I am not overly interested in simplified arguments that have many hidden assumptions on something like the resurrection or the person of Jesus. My whole life and worldview is oriented around Christ. I have no suggestions for you besides an Intro to the NT on that front. Note the title of it. “Introduction” to the NT. I think that is exactly what you are asking for. It’s meant to be an introduction to these issues. Besides that I don’t like simplifications or superficial treatments.
In science education I could give you different models and explanations at different levels based on age and prior knowledge when teaching. I will leave it at condensation in middle school. High school will get an introduction to the Bergeron process whereas college gets a full cloud micro physics. But how many teachers mistakenly err in their careers and teach something false when simplifying things (e.g. explaining lift and wings or Bernoulli’s principle, or why we have tides)? I had a student in physics tell me last week their middle school teacher told them astronauts float because there is no gravity in space.
This process is much more difficult in Biblical studies because there is so much judgment and probability (opinion?) involved unlike in science. You have to date and get every work and make judgments on hundreds of critical issues, many which do not have certain answers. The field is too polarized with too many background assumptions and for so many there is too much at stake for me to read simplified versions of arguments by scholars in one camp while many other scholars are in another. How many people on this forum have very nuanced views?

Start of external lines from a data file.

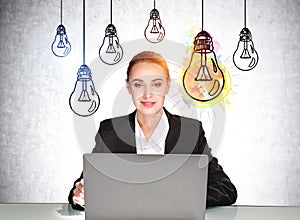 Businesswoman working with laptop inspired, light bulb sketches on grey wall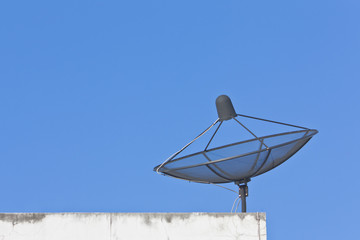 Satellite dish on roof top with blue sky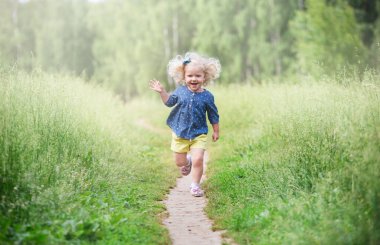 Kıvırcık sarı saçlı bir kız çayırda yürüyor, bir yaz günü.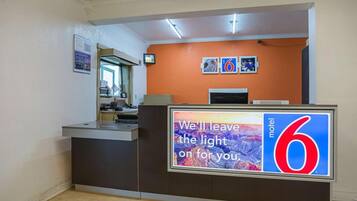 A hotel reception desk with a large sign reading 'We leave the light on for you.'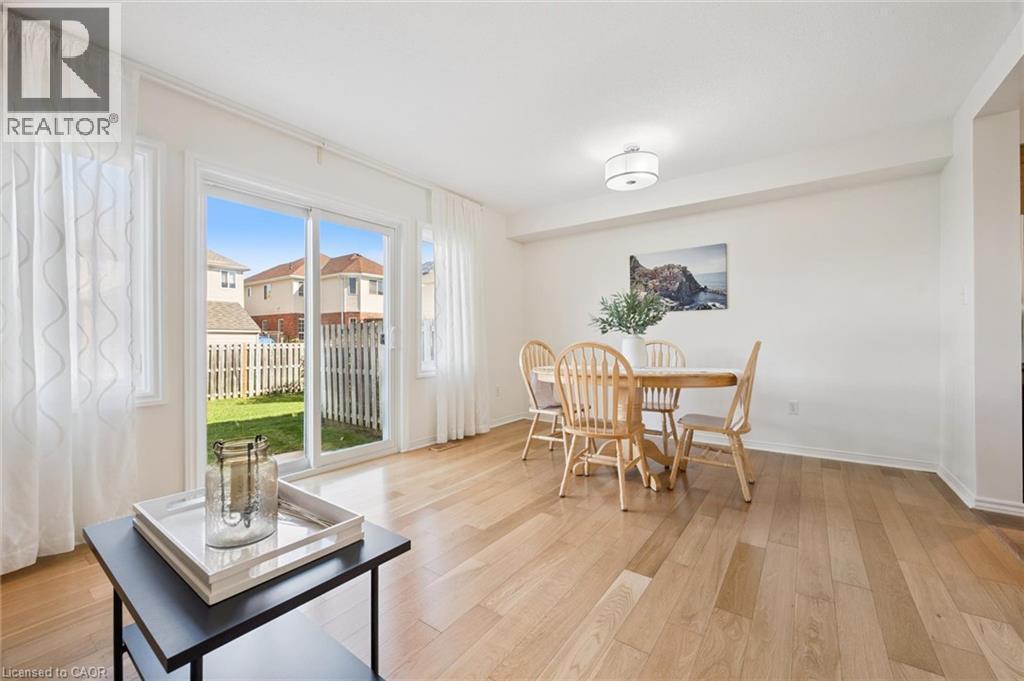 Expansive wood-finish flooring throughout, bright white walls, and a contemporary ceiling light fixture - 151 Clairfields Drive Unit# 3, Guelph, ON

I personally have interest in opinion puff pieces given the diversity in NT studies. Historical Jesus research is a prime example. There are almost as many versions of the historical Jesus as there are exegetes reconstructing him. I just bought a new one. Crossleys new Marxist interpretation of the historical Jesus arrived yesterday.

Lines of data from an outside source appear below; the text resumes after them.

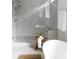 Bathroom with freestanding tub, walk-in shower, and herringbone tile floor at 1056 Capersview Ct, Awendaw, SC 29429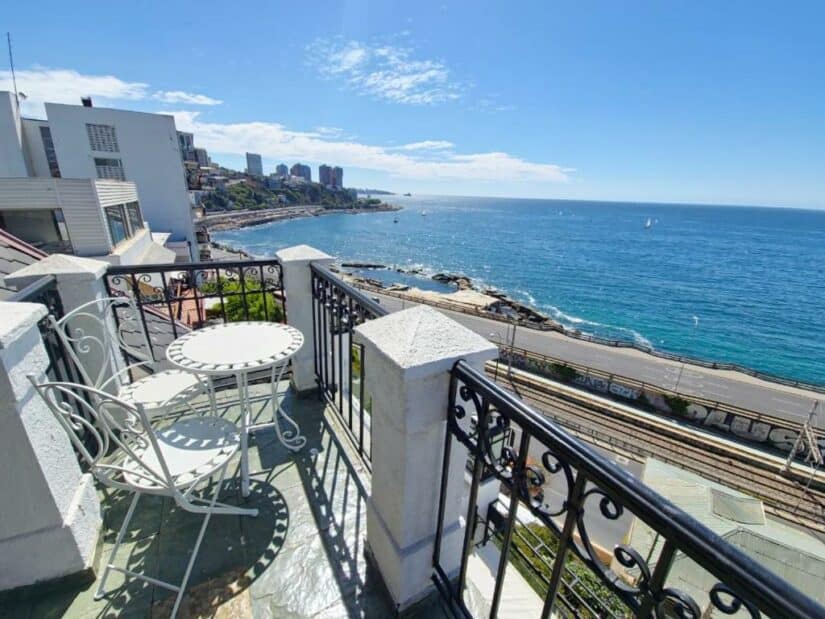 Uma pequena varanda Onde ficar em Viña del Mar com uma mesa e cadeiras tem vista para o mar, o litoral e os prédios distantes da cidade em um dia ensolarado.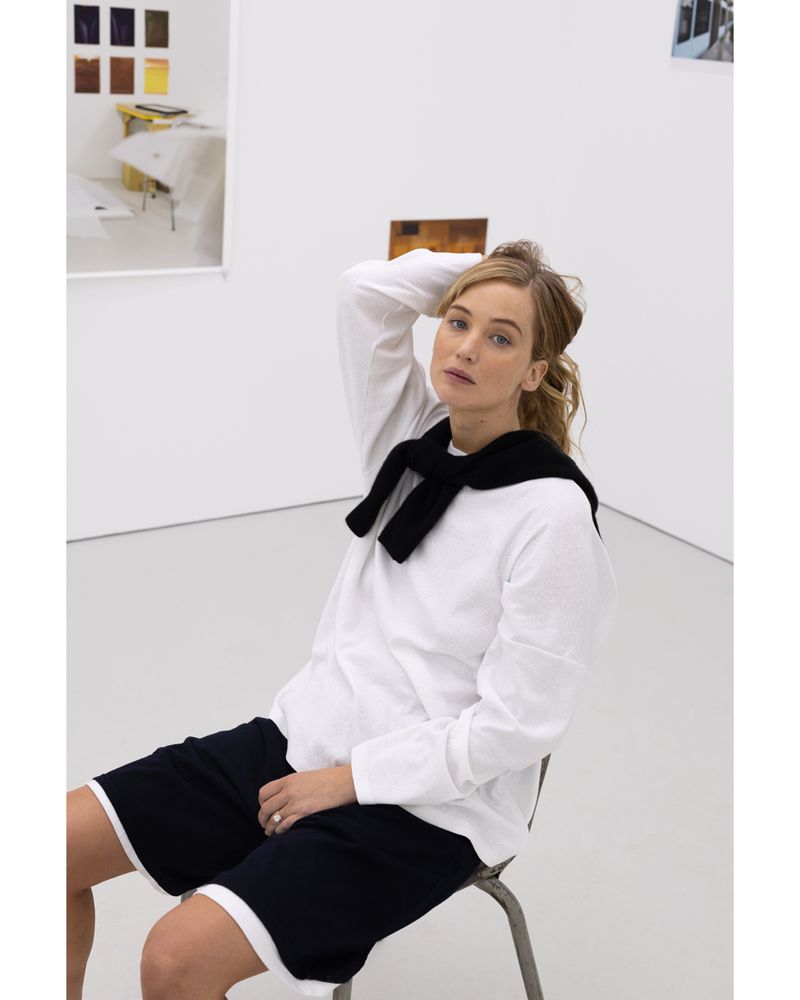 Woman in white long-sleeved shirt and dark shorts sits in a photo studio with a black sweater around her neck.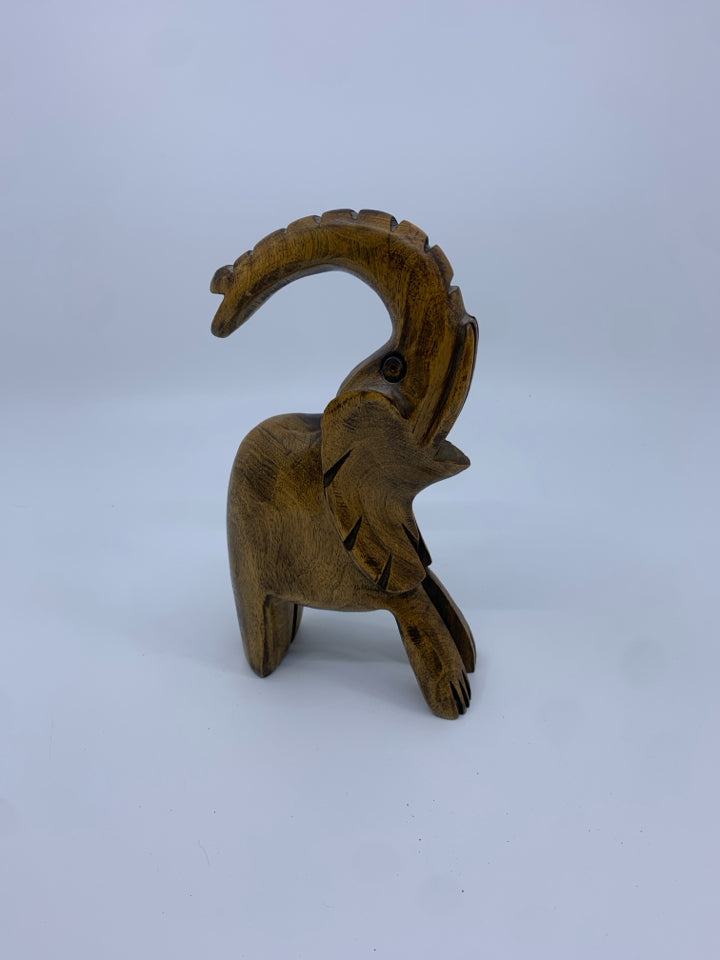 WOOD TWO TONED ELEPHANT FIGURE.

Simplified treatments to me end up making comments like this:
“We know that Paul’s letters circulated quickly, so there’s no reason to think the Gospels didn’t do the same.”
As if the four gospels were not all written by different authors to different communities, possibly separated by hundreds or thousands of miles in a time before email or cars, each community with different numbers of adherents with different financial means, education, ethnicity and outlooks, at different times—possibly 30 years or more, in different historical situations (before temple, after templ, during peace, during persecution 1et ), and each has its own dissemination and popularity. How many scholars will tell you Matthew was the most popular Gospel in the second century? But because a few of Paul’s letters circulated to a few local churches early we get to claim there is no reason to believe the gospels (all four) didn’t circulate rapidly as these few Pauline letters. Not to mention no reason to believe they didn’t is not a reason to believe they did. If I have no reason to believe you didn’t go to the grocery store yesterday, does that mean you did? I am not interest in simplified NT stuff. If I wanted to learn about the production and discrimination of ancient Christian writings I would just read Gamble’s Books and Readers in the Early Church.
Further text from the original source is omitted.